Reuters was not alone in hiring such young stringers, Krupar says.

“I am sure there are much more young boys working in Syria in nowdays,” he writes. “Molhem was only one of them.”

Update Dec. 24:

Reuters global head of communications Barb Burg emailed to say that based on the agency’s communications with unspecified family members, Molhem was born in March 1995 and thus 18 years old when he began contributing to he agency and when he died. I’ve requested more details from Reuters and also from Syrian activists in Aleppo, who apparently first reported that he had been 17.

News organizations around the world have begun to pick up on this story, including the Guardian, France 24, the Huffington Post and several others.

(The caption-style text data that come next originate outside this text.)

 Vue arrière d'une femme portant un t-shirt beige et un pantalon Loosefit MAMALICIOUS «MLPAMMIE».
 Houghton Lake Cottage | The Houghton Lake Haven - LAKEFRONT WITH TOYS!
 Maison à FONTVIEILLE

Petitions have begun to circulate as well.

A longtime Reuters bureau chief and Middle East regional editor who says he wrote the agency’s revised war-zone safety guidelines in 2008 — the same guidelines quoted below — has publicly criticized the company’s response. On Twitter
Andrew MacGregor Marshall, who resigned from Reuters in 2011 after 17 years with the agency, called his former employer’s initial response to questions about Molhem’s death shocking, sad and disgusting.

And on Facebook he writes further:

This is an extraordinary, cynically dishonest statement. As a veteran former Reuters journalist with extensive experience of working in dangerous and volatile war zones, I can say categorically that providing an explanation of why they deemed it appropriate to hire a teenager as a freelance photographer would not put any other journalists at risk.

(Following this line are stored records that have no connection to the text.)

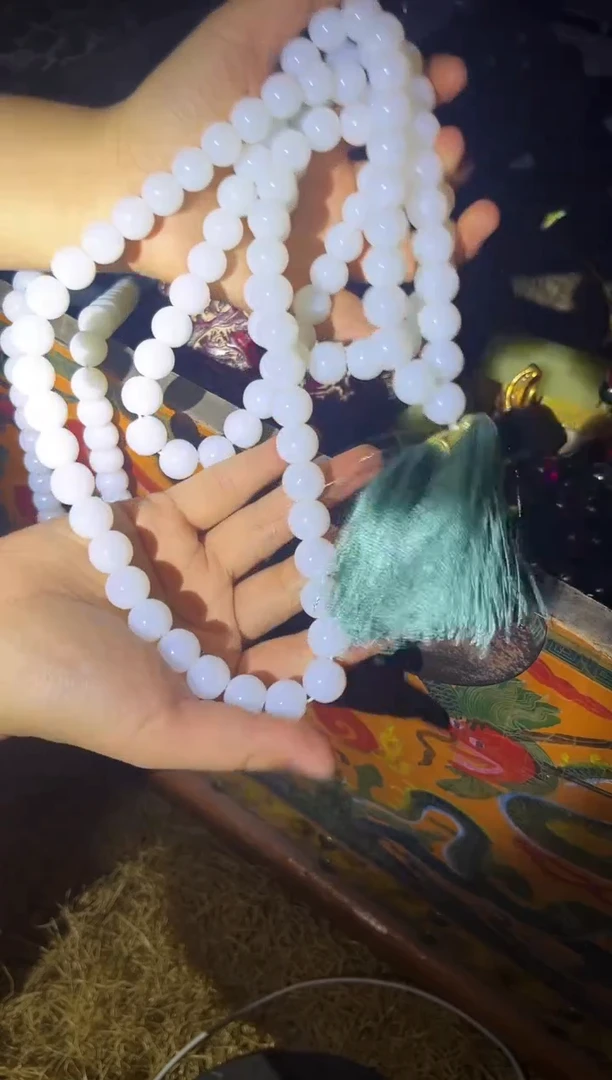 冷白色项链带流苏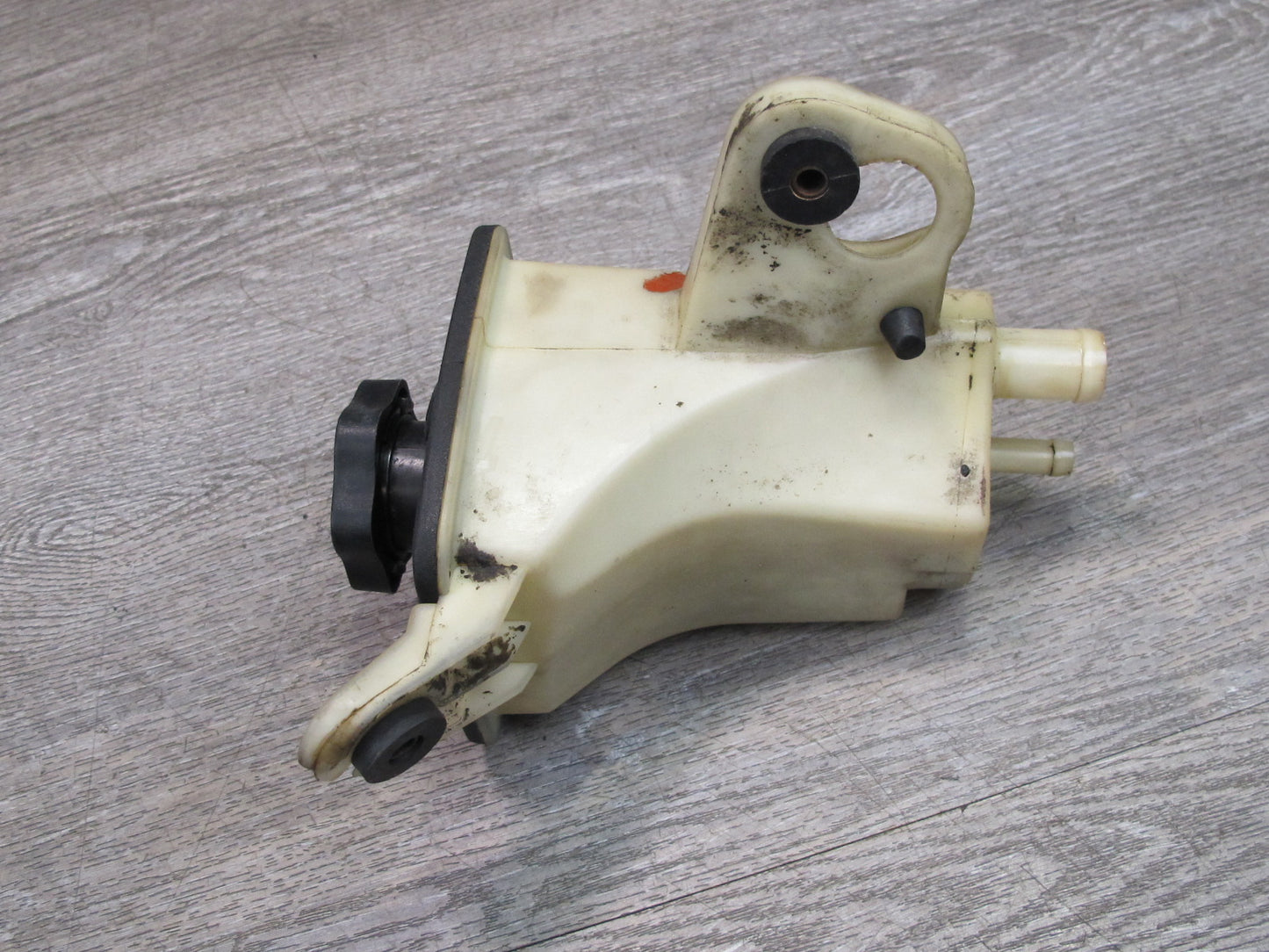 02-05 Ford Thunderbird Engine Coolant Expansion Overflow Reservoir Tank OEM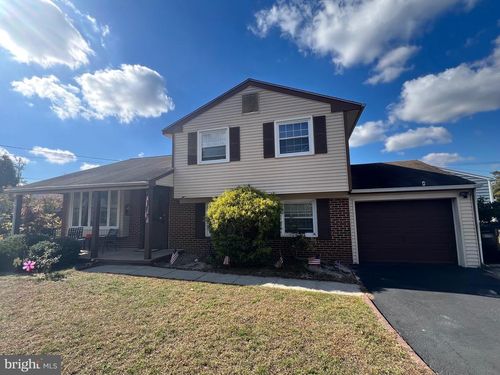 825 Lexington Ave, BLACKWOOD, NJ, 08012-1029 | Card Image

I will post further updates over and after the holidays.

Update Jan. 8:

I’m glad to see interest in this case did not wane with the New Year.

Most recently David Kenner, the Middle East Editor at Foreign Policy magazine, has contributed some good reporting with a piece published last night on the magazine’s website.

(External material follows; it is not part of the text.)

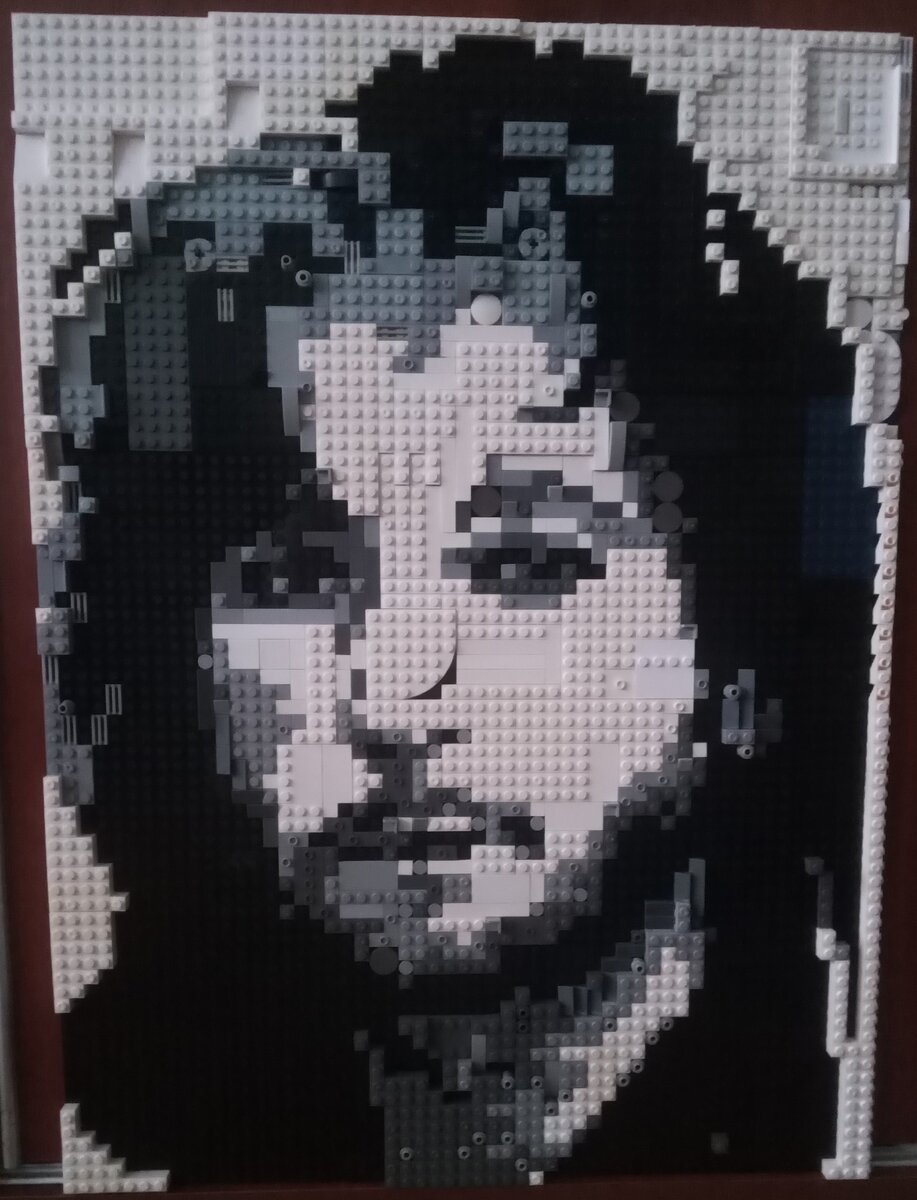 Ушло 925 деталей.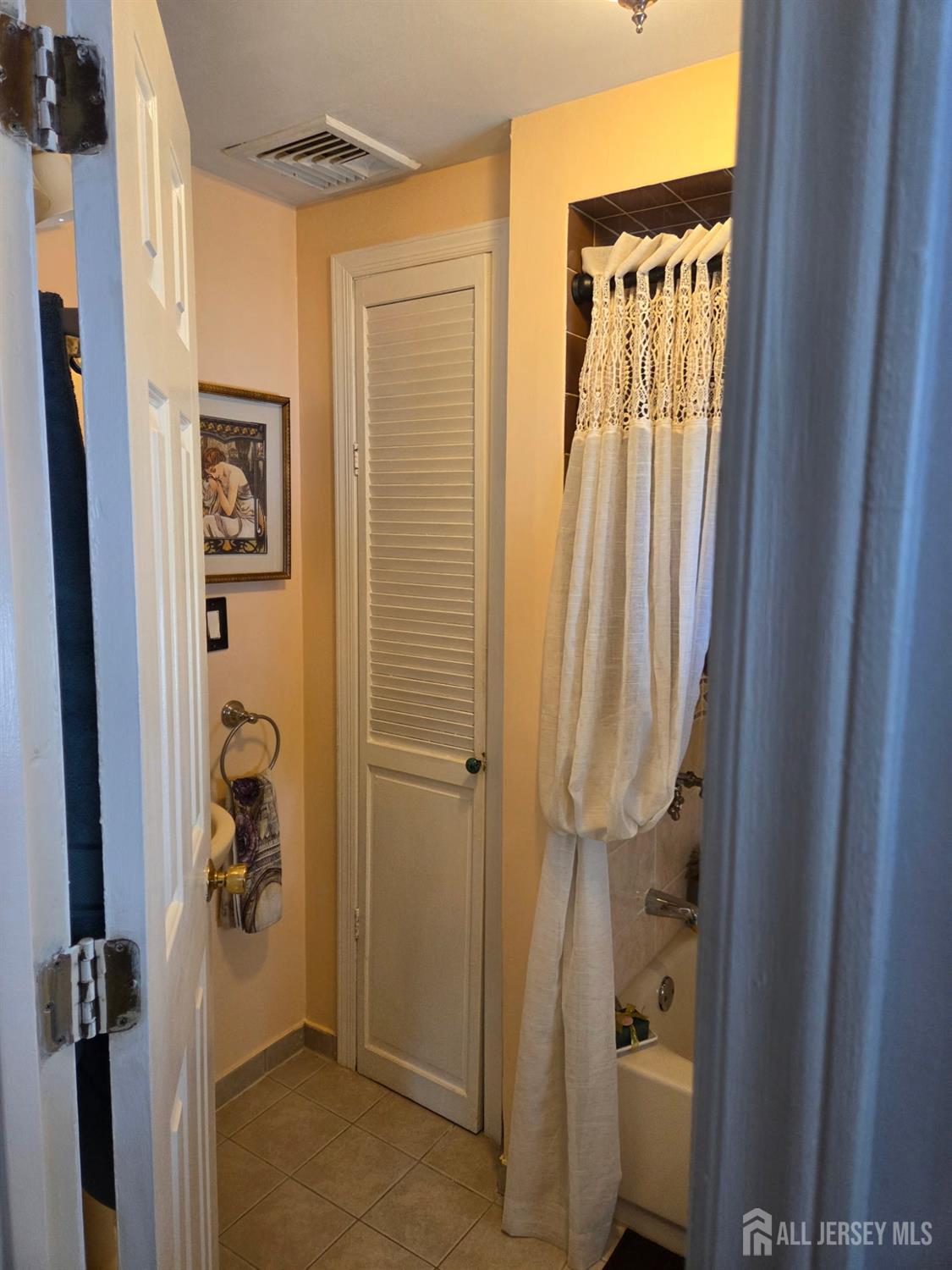 27 Harrigan Avenue Monroe NJ 08831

Kenner’s story deserves to be read in full. However I will summarize some of the new information it contains here:

• The Aleppo Media Center, a pro-revolution propaganda organization, recruited Molhem in the winter of 2012.

• Within months, he was contributing photos to Reuters.

• Reuters confirmed that the agency supplied him with a camera.

• Reuters said for the first time that it also provided Molhem with a ballistic helmet and body armor.

• Molhem was supporting his parents with his income from Reuters.

• Molhem was secretive about and indeed may have lied about his age, knowing it could endanger his employment.

• Molhem’s true age remains in doubt.

Those who knew Barakat also cast doubt on Reuters’s claim [supported by unspecified family members] that he was 18 years old when the news agency began working with him. [Adnan Haddad, who recruited Barakat to the Aleppo Media Center] said that he is “sure” Barakat wasn’t 18. Journalists who knew Barakat in Aleppo said he was secretive about his age, knowing that it could place his employment in danger.

• Reuters may have published pictures taken by Molhem that were improperly credited to another photographer.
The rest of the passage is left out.